Grassland in all its form supports a vast variety of mammals, reptiles, birds, and insects. Typical large mammals include the blue wildebeest, American bison, giant anteater, and Przewalski's horse.

The plants and animals that live in grasslands are connected through an unlimited web of interactions. However, the removal of key species—such as buffalo and prairie dogs within the American West—and introduction of invasive species—such as cane toads in northern Australia—have disrupted the balance in these ecosystems and damaged a number of other species. Grasslands are home to a number of animals on the planet—such as elephants, bison, or lions—which hunters have found to be enticing prey. But, when hunting is not controlled or is conducted illegally, species can become extinct.

== Ecosystem services ==
Grasslands provide a range of marketed and non-marketed ecosystem services that are fundamental to the livelihoods of an estimated one billion people globally.

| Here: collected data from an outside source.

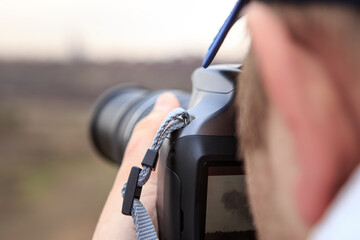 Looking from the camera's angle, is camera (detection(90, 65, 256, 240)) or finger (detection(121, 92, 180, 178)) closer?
camera (detection(90, 65, 256, 240))

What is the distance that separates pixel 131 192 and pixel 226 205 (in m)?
0.11

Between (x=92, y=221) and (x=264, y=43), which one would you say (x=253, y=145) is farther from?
(x=92, y=221)

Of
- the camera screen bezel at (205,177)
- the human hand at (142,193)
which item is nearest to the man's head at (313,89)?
the camera screen bezel at (205,177)

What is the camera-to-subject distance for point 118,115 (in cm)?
98

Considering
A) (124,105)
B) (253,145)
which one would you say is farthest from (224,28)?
(124,105)

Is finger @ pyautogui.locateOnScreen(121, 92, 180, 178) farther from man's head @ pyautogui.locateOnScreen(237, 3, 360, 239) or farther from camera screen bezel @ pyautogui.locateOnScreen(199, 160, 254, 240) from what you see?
man's head @ pyautogui.locateOnScreen(237, 3, 360, 239)

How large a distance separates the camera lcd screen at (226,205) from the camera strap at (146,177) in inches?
2.7

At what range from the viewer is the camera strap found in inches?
19.8

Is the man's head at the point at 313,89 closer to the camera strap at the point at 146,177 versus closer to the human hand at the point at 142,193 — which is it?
the camera strap at the point at 146,177

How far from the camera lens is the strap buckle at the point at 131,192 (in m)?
0.52

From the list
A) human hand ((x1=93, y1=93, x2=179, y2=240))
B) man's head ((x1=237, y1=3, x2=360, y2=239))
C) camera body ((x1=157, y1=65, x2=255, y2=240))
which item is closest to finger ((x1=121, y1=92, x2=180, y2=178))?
human hand ((x1=93, y1=93, x2=179, y2=240))

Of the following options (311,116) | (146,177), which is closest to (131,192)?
(146,177)

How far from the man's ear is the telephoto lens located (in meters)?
0.50

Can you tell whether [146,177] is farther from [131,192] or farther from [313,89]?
[313,89] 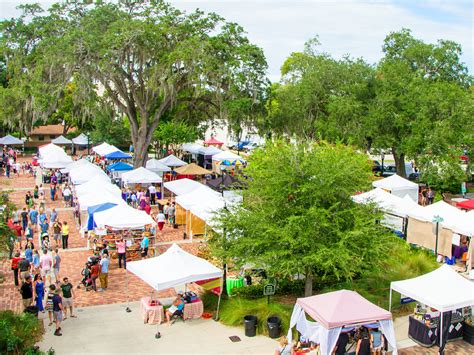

=== Carbon sequestration ===
Grasslands hold about twenty percent of global soil carbon stocks. Herbaceous (non-wooded) vegetation dominates grasslands and carbon is stored in the roots and soil underground. Above-ground biomass carbon is relatively short-lived due to grazing, fire, and senescence. Grassland species have an extensive fibrous root system, with grasses often accounting for 60–80% of the biomass carbon in this ecosystem. This underground biomass can extend several meters below the surface and store abundant carbon into the soil, resulting in deep, fertile soils with high organic matter content. For this reason, soil carbon accounts for about 81% of the total ecosystem carbon in grasslands. The close link between soil carbon and underground biomass leads to similar responses of these carbon pools to fluctuations in annual precipitation and temperature on a broad spatial scale. Because plant productivity is limited by grassland precipitation, carbon stocks are highest in regions where precipitation is heaviest, such as the high grass prairie in the humid temperate region of the United States. Similarly, as annual temperatures rise, grassland carbon stocks decrease due to increased evapotranspiration.

Grasslands have suffered large losses of organic carbon due to soil disturbances, vegetation degradation, fires, erosion, nutrient deficiencies, and water shortages. The type, frequency and intensity of the disturbance can play a key role in the soil organic carbon (SOC) balance of grasslands. Bedrock, irrigation practices, soil acidification, liming, and pasture management can all have potential impacts on grassland organic carbon stocks. Good grassland management can reverse historical soil carbon losses. The relationship of improved biodiversity with carbon storage is subject of research.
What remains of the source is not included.